Et il est toujours poétique de voir une compagnie faire un effort titanesque pour ériger un château dans les airs, une histoire sur scène. Tout cela, nous pourrions nous en passer, artistes et spectateurs, mais nous y sommes, notre vie en dépend car c'est un engagement qui dépasse notre propre personne. Et lorsque cela naît de la confiance et de l'admiration mutuelle, de l'ouverture et du désir de découvrir, tout ce non-sens devient plus nécessaire que jamais et prend une vie propre. Comme ce Festival d'Avignon, qui bouleverse une ville et la remplit de compagnies de théâtre, de passionnés, de critiques avides de grandes expériences, d'affiches et de brochures, de salles et d'espaces éphémères, de terrasses et de restaurants, de commerçants, d'artistes et de raconteurs d'histoires. Tout cela pour le théâtre !

L'année dernière, lorsque nous célébrions les 20 ans de La Perla, Lídia a écrit un texte qu'elle a lu devant beaucoup de nos amis et collaborateurs. Nous voulons le partager à nouveau car il décrit très bien ce sentiment si cher à nous :

"Nous sommes à un dîner au cœur de la Toscane, quelqu'un crie et rit en même temps, quelqu'un ne reste pas en place, tournant autour de la table et des cuisines... Tout le monde cuisine, tout le monde parle, fort et avec passion. Les nappes se salissent rapidement et le vin est toujours servi en abondance. Quelqu'un a préparé la pâte à la main, qui doit encore cuire, quelqu'un a mijoté la sauce pendant des heures, quelqu'un apporte des fromages faits par le voisin, des desserts ou du vin.

Sur les tables italiennes, la nourriture ne manque jamais. Tout le monde y participe.

La lumière de cette image, chaude, orange, avec un peu de fumée ou de brume... Entre l'intimité et le collectif.

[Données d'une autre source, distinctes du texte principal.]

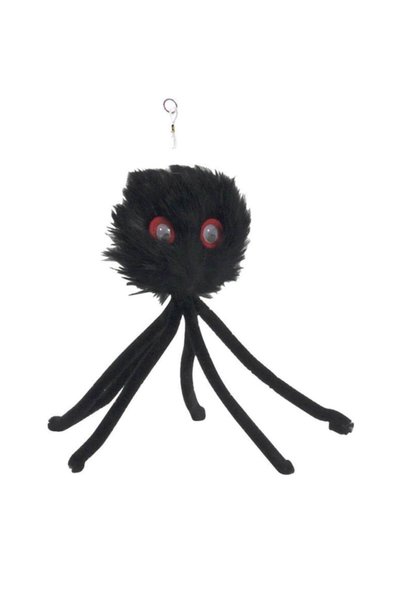 Beeztees Elastic Plush Spider Cat Toy 17 cm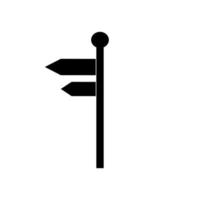 vetor de ícone de placa de sinalização em estilo preto moderno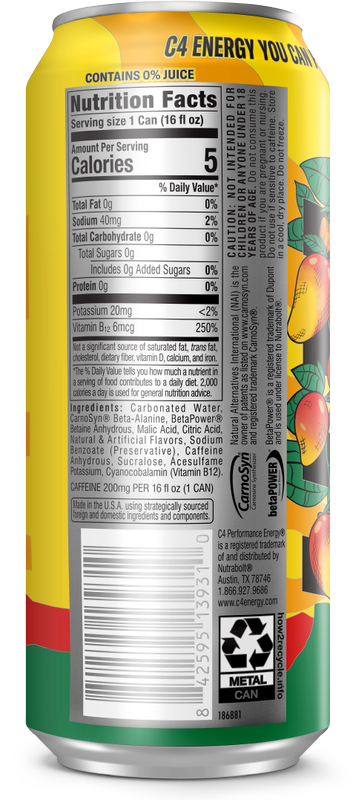 C4 Performance Mango Fuego 16oz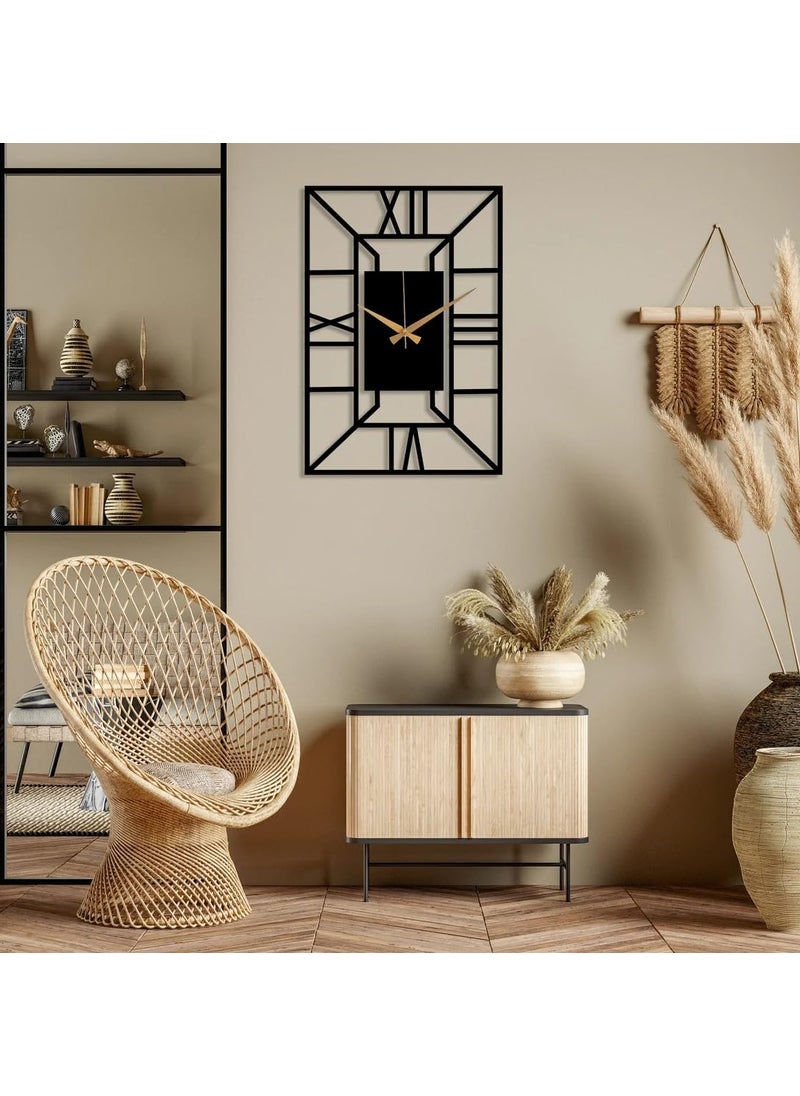 Decorila Metal Wall Clock Large Metal Wall Clock for Square Clock Square Wall Clock Metal Wall Clock Unique Wall Clock Oversized Wall Clock 40 CM DA22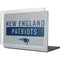 NFL New England Patriots Grey Performance Series MacBook Pro 16in (2021-25) Case plus Skin
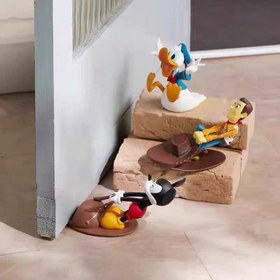 Resim Disney Mickey Mouse Rüzgar Geçirmez ve Su Geçirmez Karikatür Kapı Durdurucu Yaratıcı Çarpışma Önleyici Kapı Tamponu 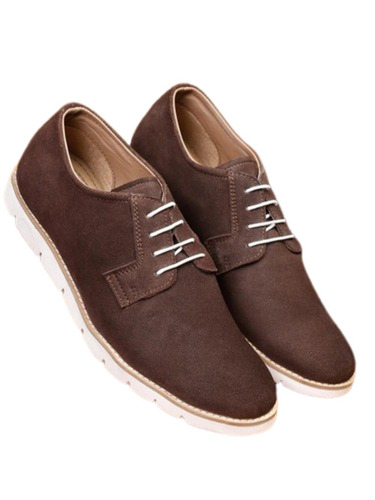 Brown Teakwood Leather Shoes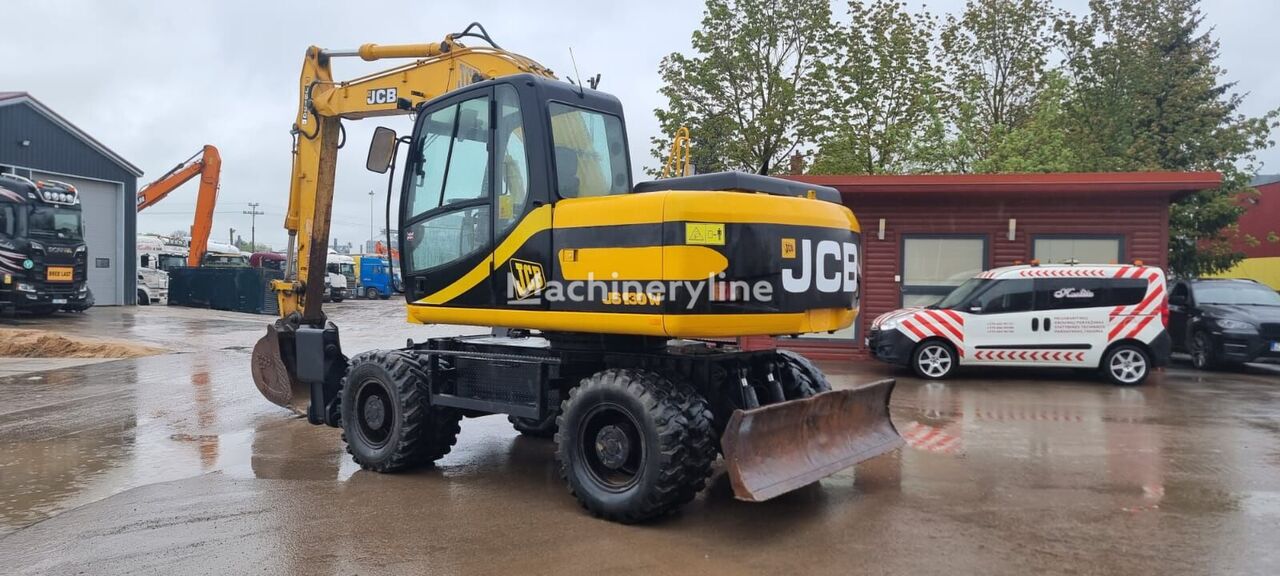 JCB JS 130W gumikerekes kotró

Les heures passent comme des minutes. Le repas est terminé et la table est une parfaite nature morte. Une image pleine de beauté qui attend la prochaine rencontre.

Et ce sont tous ces moments, cuisinés à feu doux, une exaltation de la vie, du mouvement, de la poésie et de l'intensité, qui me rappellent ce que signifie être une perle. Nous, les 29, nous sommes chez nous. Et chaque fois que nous revenons ici, ensemble, avec de nouveaux projets, cela me rappelle le sens de tout ce que nous avons construit ensemble et me remplit de souvenirs que j'espère voir se multiplier avec les années."